DATA SECTION:
= = = = =

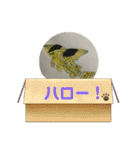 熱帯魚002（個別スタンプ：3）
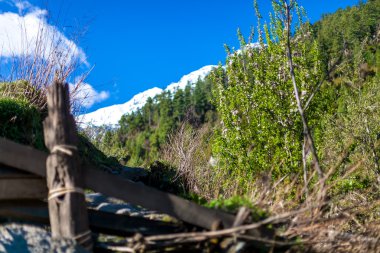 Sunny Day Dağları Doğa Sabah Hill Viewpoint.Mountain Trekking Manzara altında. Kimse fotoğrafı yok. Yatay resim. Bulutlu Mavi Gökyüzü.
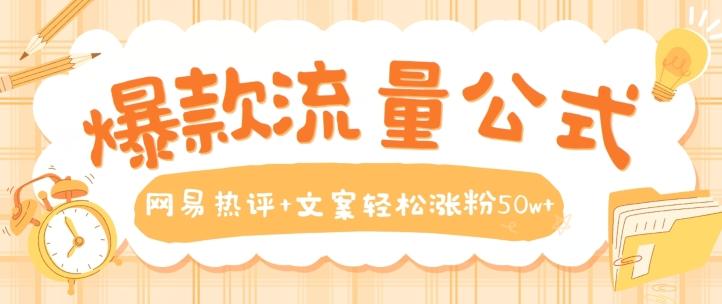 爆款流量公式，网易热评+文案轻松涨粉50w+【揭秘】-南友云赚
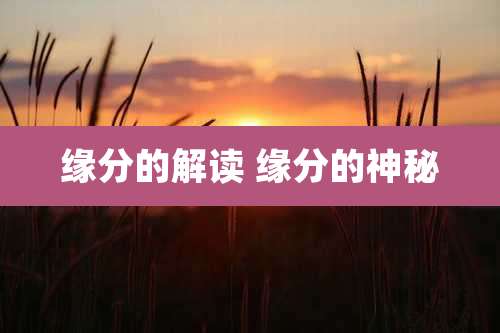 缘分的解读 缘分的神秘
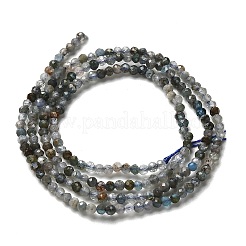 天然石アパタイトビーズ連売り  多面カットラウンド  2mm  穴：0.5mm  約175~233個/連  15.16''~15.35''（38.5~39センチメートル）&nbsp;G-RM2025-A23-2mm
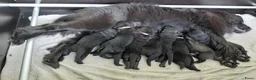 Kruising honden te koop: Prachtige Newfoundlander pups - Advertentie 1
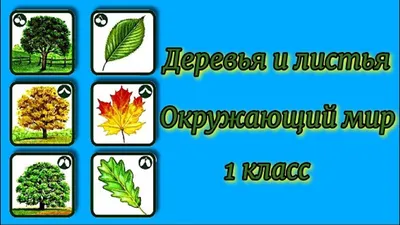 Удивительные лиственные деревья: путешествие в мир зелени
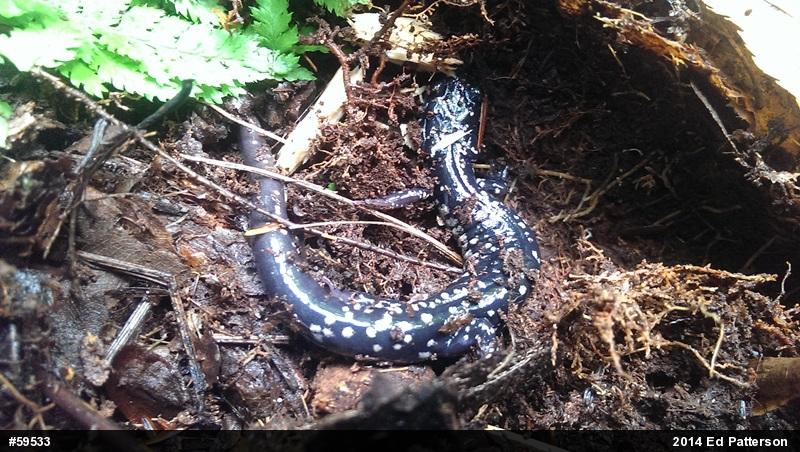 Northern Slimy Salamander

= = = = =

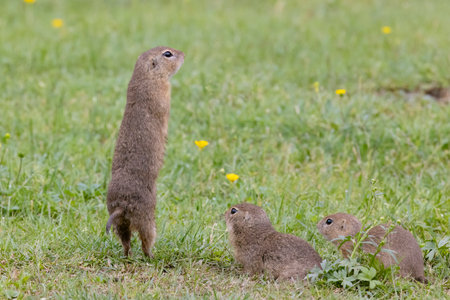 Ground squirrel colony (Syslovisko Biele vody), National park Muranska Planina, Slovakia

= = = = =

EXERCISE AIM:
Using the data above, output the line that has "Sunny Day Dağları", the line that has "Kruising honden te", and whatever lines fall between, each exactly as it stands and without pictures.

COMPLETED TASK:
 Sunny Day Dağları Doğa Sabah Hill Viewpoint.Mountain Trekking Manzara altında. Kimse fotoğrafı yok. Yatay resim. Bulutlu Mavi Gökyüzü.
 爆款流量公式，网易热评+文案轻松涨粉50w+【揭秘】-南友云赚
 缘分的解读 缘分的神秘
 天然石アパタイトビーズ連売り  多面カットラウンド  2mm  穴：0.5mm  約175~233個/連  15.16''~15.35''（38.5~39センチメートル）&nbsp;G-RM2025-A23-2mm
 Kruising honden te koop: Prachtige Newfoundlander pups - Advertentie 1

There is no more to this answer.